Ancora una volta, dunque, in questa condizione si trovano moltissime donne, ovvero quelle dall’attività lavorativa più incostante e frammentata. «Pensiamo a tutte quelle donne che, rientrando nel sistema misto, hanno interrotto, per una serie di ragioni, la propria attività lavorativa versando pochi contributi e che, al raggiungimento dell’età anagrafica per la vecchiaia, non hanno potuto maturare, e mai lo potranno, il diritto a pensione per la mancanza dei 20 anni di contribuzione minima richiesta». Una proiezione sui dati Inps porterebbe per Bergamo a una platea di circa 10.000 ex lavoratrici per una somma di contributi versati di circa 14 milioni di euro. È il «rimprovero» lanciato da Fnp Cisl Bergamo che, nel convegno che si è tenuto martedì 12 novembre su «Lavoro, lavoro di cura e pensioni» ha proprio sollevato il velo sulla questione che per Inps e istituzioni sembra non trovare soluzioni.

Allo stato attuale, infatti, non esiste alcuna norma che riconosca tali posizioni e le valorizzi. «Non è possibile, infatti richiederne la restituzione trattandosi di una contribuzione sostanzialmente improduttiva di effetti. In poche parole, sono fondi che l’Inps ha incamerato per legge, senza dare indietro alcunché, in termini di prestazioni e senza nemmeno restituire il capitale versato», conclude De Iacobis.

Quella delle posizioni silenti è una questione «annosa» che l’organizzazione dei pensionati della Cisl ha sempre posto in evidenza nelle sue piattaforme rivendicative, in coerenza con il principio che «a contribuzione versata deve corrispondere certezza della prestazione».

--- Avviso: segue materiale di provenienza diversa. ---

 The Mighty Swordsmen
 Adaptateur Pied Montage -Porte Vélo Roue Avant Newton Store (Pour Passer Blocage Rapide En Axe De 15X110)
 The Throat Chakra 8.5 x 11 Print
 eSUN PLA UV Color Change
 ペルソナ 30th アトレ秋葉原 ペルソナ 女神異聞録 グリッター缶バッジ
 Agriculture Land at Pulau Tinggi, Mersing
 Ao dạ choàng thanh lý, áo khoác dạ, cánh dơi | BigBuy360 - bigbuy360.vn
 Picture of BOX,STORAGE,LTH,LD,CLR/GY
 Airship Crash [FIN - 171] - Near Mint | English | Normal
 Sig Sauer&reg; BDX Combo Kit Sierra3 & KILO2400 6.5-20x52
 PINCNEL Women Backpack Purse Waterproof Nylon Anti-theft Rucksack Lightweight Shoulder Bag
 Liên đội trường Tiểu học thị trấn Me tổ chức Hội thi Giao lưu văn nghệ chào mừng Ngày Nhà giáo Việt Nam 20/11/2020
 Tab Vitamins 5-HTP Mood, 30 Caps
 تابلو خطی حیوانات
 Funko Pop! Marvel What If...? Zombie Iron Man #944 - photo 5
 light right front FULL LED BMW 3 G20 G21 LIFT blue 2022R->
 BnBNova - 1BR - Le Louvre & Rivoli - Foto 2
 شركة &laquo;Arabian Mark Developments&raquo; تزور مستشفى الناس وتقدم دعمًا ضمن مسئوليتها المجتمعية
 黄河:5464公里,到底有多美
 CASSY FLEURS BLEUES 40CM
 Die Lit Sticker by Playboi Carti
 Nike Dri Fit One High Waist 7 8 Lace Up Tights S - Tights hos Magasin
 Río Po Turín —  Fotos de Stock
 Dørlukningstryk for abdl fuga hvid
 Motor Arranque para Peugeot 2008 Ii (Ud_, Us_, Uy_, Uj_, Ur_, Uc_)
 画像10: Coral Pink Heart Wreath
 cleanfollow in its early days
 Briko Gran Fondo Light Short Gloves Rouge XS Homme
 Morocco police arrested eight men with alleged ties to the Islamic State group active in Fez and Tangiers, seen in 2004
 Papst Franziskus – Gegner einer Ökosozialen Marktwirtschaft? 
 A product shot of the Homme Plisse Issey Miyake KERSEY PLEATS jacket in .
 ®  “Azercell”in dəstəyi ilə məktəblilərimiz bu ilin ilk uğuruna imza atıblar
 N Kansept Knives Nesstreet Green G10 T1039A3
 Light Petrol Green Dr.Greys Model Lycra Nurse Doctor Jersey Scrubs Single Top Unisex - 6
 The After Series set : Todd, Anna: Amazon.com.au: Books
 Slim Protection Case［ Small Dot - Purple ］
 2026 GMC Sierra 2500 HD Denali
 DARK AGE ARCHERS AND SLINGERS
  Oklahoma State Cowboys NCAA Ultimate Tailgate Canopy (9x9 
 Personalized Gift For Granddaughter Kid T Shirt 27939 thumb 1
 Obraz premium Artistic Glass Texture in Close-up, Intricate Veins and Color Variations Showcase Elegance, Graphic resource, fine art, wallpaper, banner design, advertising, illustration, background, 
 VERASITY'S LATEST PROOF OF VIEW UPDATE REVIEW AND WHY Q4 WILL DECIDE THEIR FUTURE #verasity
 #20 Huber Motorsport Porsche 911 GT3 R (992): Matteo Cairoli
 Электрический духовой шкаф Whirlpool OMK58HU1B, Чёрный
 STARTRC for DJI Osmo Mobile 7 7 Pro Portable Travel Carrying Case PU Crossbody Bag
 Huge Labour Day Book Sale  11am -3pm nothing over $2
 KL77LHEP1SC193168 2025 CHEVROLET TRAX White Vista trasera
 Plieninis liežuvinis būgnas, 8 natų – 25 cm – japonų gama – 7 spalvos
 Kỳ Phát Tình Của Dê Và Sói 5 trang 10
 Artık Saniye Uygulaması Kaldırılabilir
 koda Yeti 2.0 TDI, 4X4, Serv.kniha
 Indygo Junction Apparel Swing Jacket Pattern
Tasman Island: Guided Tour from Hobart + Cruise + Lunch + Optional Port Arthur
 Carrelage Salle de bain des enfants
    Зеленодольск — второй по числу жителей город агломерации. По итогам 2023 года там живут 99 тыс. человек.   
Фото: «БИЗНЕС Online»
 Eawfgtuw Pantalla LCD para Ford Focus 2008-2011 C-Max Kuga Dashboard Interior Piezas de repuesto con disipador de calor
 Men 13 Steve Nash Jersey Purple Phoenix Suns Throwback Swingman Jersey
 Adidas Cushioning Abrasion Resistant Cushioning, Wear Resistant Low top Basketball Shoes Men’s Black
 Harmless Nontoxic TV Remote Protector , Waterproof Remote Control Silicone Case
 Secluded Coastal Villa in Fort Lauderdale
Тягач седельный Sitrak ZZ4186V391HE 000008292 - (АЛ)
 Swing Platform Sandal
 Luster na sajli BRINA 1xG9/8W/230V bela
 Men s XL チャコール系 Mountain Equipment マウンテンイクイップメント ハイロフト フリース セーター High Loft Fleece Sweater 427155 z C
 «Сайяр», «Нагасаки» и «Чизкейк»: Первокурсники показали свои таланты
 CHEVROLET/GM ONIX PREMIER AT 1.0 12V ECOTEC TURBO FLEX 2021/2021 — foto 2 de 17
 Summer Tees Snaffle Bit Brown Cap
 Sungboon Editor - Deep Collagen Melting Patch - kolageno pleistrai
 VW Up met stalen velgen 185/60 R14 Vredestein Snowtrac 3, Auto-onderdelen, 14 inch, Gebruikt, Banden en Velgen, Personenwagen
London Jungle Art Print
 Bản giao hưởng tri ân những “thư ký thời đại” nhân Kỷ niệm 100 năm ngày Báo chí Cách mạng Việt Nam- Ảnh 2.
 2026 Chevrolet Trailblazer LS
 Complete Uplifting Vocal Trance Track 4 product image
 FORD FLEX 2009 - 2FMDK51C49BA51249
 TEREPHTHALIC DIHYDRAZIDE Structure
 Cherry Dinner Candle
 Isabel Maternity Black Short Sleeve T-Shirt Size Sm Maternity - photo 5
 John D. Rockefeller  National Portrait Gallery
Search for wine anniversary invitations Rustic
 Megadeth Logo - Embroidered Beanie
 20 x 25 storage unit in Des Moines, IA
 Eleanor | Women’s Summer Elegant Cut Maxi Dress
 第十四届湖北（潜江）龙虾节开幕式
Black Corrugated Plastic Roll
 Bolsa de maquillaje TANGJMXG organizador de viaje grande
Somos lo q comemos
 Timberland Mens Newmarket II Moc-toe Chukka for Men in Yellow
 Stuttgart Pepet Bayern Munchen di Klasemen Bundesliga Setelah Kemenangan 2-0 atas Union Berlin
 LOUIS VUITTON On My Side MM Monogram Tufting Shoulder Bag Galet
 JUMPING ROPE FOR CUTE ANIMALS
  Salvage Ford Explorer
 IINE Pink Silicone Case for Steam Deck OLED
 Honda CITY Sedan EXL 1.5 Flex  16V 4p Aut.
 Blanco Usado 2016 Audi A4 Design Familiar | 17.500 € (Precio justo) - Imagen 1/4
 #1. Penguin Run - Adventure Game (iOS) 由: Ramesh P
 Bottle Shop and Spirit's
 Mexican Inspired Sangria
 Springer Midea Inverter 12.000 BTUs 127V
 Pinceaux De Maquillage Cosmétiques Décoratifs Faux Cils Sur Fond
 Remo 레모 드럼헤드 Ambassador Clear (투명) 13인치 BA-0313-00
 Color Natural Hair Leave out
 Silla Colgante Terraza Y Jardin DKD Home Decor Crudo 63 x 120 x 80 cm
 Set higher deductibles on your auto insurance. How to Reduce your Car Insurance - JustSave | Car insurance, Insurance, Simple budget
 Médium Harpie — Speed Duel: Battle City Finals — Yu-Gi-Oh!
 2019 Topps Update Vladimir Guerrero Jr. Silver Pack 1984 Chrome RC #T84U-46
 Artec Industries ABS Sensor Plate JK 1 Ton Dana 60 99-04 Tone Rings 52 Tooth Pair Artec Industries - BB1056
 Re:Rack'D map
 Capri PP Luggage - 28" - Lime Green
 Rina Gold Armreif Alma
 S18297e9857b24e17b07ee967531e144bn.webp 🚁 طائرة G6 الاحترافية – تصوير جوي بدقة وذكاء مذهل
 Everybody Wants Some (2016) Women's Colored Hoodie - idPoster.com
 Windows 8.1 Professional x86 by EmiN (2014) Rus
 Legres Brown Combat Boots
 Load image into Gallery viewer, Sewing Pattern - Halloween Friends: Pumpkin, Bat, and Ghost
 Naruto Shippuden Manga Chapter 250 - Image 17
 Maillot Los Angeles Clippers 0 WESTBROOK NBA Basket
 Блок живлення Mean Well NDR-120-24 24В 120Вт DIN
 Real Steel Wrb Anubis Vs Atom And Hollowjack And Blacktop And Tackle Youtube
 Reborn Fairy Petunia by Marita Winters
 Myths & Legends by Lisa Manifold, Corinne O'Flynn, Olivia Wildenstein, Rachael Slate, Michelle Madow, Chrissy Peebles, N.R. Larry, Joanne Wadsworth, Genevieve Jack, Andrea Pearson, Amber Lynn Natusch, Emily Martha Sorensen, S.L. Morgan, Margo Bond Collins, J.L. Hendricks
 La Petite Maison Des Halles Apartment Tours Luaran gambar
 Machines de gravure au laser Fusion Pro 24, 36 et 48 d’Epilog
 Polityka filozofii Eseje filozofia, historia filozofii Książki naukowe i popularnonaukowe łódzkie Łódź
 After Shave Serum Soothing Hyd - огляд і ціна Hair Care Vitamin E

«Tradizionalmente», la donna percepisce stipendi e pensioni più basse del collega maschio, si va dal -37% del dato europeo al -45% italiano. «E questo – dice Maria Grazia Contino – è il risultato di un processo che ha visto la donna per molto tempo in Italia impegnata in attività non retribuite, perché svolte in famiglia, e che non è stato riconosciuto, pagando lo scotto di un sistema familistico che non la ha mai agevolata. Per cui è chiaro che nel momento in cui si è arrivati a un sistema pensionistico basato esclusivamente sul contributivo come oggi, si sente la mancanza di una diversa policy per il previdenziale e per il sistema di welfare. Senza integrazioni di politiche di welfare, di politiche familiari, per il mercato del lavoro e del reddito, le donne saranno sempre più povere e avranno sempre retribuzioni pensionistiche molto basse».

Lo specchio di questa situazione lo da l’Inps: a Bergamo l’83% delle pensioni femminili è sotto i 1.000 euro, sopra a questa cifra, invece, il 63% di quelle maschili.

«Riteniamo che non sia più rinviabile la necessità di affrontare seriamente questo problema, al di là degli slogan e dei titoli che ogni anno puntualmente si ripropongono in sede di rivendicazione – dice Caterina Delasa, segretaria generale di Cisl-Fnp Bergamo –: bisogna infatti individuare insieme al Governo delle misure che consentano il recupero di tutte quelle posizioni iscritte all’Inps che hanno versato contributi senza tuttavia raggiungere i requisiti minimi previsti dalla legge per andare in pensione. Anche per questo che il sindacato dei pensionati scenderà in piazza il 16 novembre prossimo per manifestare e denunciare i propri diritti anche in termini di parità e pari opportunità nel lavoro, nella progressione di carriera, nelle retribuzioni ed infine nella pensione».